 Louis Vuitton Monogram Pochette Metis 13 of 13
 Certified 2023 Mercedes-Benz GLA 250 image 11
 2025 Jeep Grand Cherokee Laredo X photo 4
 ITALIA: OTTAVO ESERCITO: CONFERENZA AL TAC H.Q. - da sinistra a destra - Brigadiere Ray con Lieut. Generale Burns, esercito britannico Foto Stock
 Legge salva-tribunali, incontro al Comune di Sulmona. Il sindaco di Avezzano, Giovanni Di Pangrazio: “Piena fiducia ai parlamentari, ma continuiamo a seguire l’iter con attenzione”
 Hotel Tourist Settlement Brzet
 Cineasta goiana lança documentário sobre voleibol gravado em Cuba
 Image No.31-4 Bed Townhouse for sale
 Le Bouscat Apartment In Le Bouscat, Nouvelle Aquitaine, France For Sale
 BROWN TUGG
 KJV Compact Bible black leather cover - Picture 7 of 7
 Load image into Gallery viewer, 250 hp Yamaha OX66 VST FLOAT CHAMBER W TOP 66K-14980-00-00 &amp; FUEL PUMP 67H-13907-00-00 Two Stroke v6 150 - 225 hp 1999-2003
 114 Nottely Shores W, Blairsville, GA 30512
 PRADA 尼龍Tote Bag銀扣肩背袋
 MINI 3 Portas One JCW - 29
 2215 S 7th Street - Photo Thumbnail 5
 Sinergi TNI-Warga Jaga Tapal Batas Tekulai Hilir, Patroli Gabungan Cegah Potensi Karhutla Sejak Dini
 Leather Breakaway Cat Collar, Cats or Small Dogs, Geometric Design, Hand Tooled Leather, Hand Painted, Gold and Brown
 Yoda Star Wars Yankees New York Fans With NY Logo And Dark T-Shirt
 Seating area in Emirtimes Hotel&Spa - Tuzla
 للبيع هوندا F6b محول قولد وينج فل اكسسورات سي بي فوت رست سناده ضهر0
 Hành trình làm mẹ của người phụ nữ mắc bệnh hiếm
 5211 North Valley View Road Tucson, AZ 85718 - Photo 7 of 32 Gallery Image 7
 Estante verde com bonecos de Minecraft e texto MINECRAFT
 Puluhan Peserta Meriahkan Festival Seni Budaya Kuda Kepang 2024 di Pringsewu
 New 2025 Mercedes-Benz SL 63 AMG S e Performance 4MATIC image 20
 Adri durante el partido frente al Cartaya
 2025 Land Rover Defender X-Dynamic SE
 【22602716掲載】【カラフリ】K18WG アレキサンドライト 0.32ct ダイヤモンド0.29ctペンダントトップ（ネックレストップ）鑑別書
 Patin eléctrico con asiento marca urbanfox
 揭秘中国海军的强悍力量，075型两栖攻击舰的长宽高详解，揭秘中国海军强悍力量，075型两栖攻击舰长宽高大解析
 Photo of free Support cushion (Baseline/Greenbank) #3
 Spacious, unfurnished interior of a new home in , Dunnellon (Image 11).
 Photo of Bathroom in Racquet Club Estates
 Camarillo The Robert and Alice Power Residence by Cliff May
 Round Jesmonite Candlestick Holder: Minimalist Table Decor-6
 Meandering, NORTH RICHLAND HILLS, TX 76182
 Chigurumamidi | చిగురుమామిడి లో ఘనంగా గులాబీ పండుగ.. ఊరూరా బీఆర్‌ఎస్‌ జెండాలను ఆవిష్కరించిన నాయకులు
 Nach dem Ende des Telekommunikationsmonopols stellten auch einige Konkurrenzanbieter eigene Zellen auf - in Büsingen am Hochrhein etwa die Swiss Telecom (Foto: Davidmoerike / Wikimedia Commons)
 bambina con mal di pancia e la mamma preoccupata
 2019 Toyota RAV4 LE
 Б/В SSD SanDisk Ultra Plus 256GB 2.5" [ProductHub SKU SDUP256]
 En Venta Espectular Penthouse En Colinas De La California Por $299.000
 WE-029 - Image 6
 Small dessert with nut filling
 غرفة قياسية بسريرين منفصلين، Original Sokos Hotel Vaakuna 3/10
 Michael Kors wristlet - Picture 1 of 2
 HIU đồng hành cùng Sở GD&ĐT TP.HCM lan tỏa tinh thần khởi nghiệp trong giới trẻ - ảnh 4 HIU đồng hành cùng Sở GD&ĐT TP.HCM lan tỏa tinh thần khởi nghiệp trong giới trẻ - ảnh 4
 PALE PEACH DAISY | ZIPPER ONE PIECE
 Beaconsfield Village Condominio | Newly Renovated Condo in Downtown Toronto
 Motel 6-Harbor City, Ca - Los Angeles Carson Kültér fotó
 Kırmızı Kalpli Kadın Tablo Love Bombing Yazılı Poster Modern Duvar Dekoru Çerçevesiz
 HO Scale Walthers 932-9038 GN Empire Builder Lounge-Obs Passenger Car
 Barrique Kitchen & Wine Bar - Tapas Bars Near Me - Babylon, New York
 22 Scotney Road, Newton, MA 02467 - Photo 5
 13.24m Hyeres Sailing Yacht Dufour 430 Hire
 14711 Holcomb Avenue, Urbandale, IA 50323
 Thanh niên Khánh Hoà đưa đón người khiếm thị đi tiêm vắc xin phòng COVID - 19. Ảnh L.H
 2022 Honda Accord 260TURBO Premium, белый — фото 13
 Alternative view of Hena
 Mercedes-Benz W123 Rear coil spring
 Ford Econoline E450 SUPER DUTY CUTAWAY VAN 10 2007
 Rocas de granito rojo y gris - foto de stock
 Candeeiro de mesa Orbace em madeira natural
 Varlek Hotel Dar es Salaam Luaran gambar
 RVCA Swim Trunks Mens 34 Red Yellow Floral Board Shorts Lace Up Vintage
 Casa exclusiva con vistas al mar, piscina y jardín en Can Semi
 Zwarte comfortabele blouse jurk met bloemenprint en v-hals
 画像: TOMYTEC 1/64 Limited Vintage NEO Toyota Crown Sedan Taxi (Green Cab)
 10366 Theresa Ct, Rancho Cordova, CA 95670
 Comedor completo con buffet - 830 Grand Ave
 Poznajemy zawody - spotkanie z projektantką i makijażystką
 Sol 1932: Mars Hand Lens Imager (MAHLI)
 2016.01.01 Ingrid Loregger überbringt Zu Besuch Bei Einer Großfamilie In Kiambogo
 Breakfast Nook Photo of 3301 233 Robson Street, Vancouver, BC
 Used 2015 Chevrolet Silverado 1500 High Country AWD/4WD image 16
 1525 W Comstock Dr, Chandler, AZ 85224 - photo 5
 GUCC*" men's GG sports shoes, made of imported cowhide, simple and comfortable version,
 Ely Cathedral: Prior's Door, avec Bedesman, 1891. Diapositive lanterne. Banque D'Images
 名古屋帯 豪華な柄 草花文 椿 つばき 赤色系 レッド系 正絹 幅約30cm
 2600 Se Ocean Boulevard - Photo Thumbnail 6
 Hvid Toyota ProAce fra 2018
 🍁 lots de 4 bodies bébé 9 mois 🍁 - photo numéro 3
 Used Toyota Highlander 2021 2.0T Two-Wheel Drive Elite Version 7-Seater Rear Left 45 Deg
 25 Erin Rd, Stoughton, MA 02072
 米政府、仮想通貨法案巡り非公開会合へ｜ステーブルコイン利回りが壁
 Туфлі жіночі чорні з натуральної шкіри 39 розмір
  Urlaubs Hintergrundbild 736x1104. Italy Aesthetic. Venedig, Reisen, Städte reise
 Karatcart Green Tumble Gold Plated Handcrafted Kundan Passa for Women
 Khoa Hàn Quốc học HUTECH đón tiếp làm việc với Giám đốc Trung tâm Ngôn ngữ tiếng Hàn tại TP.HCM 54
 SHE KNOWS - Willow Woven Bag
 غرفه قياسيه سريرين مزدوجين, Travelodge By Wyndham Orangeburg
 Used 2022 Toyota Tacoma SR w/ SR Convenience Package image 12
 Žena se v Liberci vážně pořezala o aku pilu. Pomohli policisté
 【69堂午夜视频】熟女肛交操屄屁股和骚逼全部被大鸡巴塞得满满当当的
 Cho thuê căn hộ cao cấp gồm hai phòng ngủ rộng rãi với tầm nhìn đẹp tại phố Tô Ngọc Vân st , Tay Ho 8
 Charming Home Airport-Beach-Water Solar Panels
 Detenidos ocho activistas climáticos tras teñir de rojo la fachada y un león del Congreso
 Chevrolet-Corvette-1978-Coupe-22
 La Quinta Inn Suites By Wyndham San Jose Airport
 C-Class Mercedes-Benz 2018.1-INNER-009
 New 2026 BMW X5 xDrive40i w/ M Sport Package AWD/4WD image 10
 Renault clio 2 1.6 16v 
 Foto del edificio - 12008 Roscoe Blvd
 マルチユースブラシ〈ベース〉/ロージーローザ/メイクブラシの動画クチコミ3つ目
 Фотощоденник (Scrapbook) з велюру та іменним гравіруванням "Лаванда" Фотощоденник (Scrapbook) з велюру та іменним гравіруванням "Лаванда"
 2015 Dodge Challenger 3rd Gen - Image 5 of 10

YOUR OBJECTIVE.
Reproduce the lines above, beginning at the line with "Puluhan Peserta Meriahkan" and stopping after the line with "Michael Kors wristlet - Picture 1 of 2", exactly as they are.

ANSWER TO THIS TASK.
 Puluhan Peserta Meriahkan Festival Seni Budaya Kuda Kepang 2024 di Pringsewu
 New 2025 Mercedes-Benz SL 63 AMG S e Performance 4MATIC image 20
 Adri durante el partido frente al Cartaya
 2025 Land Rover Defender X-Dynamic SE
 【22602716掲載】【カラフリ】K18WG アレキサンドライト 0.32ct ダイヤモンド0.29ctペンダントトップ（ネックレストップ）鑑別書
 Patin eléctrico con asiento marca urbanfox
 揭秘中国海军的强悍力量，075型两栖攻击舰的长宽高详解，揭秘中国海军强悍力量，075型两栖攻击舰长宽高大解析
 Photo of free Support cushion (Baseline/Greenbank) #3
 Spacious, unfurnished interior of a new home in , Dunnellon (Image 11).
 Photo of Bathroom in Racquet Club Estates
 Camarillo The Robert and Alice Power Residence by Cliff May
 Round Jesmonite Candlestick Holder: Minimalist Table Decor-6
 Meandering, NORTH RICHLAND HILLS, TX 76182
 Chigurumamidi | చిగురుమామిడి లో ఘనంగా గులాబీ పండుగ.. ఊరూరా బీఆర్‌ఎస్‌ జెండాలను ఆవిష్కరించిన నాయకులు
 Nach dem Ende des Telekommunikationsmonopols stellten auch einige Konkurrenzanbieter eigene Zellen auf - in Büsingen am Hochrhein etwa die Swiss Telecom (Foto: Davidmoerike / Wikimedia Commons)
 bambina con mal di pancia e la mamma preoccupata
 2019 Toyota RAV4 LE
 Б/В SSD SanDisk Ultra Plus 256GB 2.5" [ProductHub SKU SDUP256]
 En Venta Espectular Penthouse En Colinas De La California Por $299.000
 WE-029 - Image 6
 Small dessert with nut filling
 غرفة قياسية بسريرين منفصلين، Original Sokos Hotel Vaakuna 3/10
 Michael Kors wristlet - Picture 1 of 2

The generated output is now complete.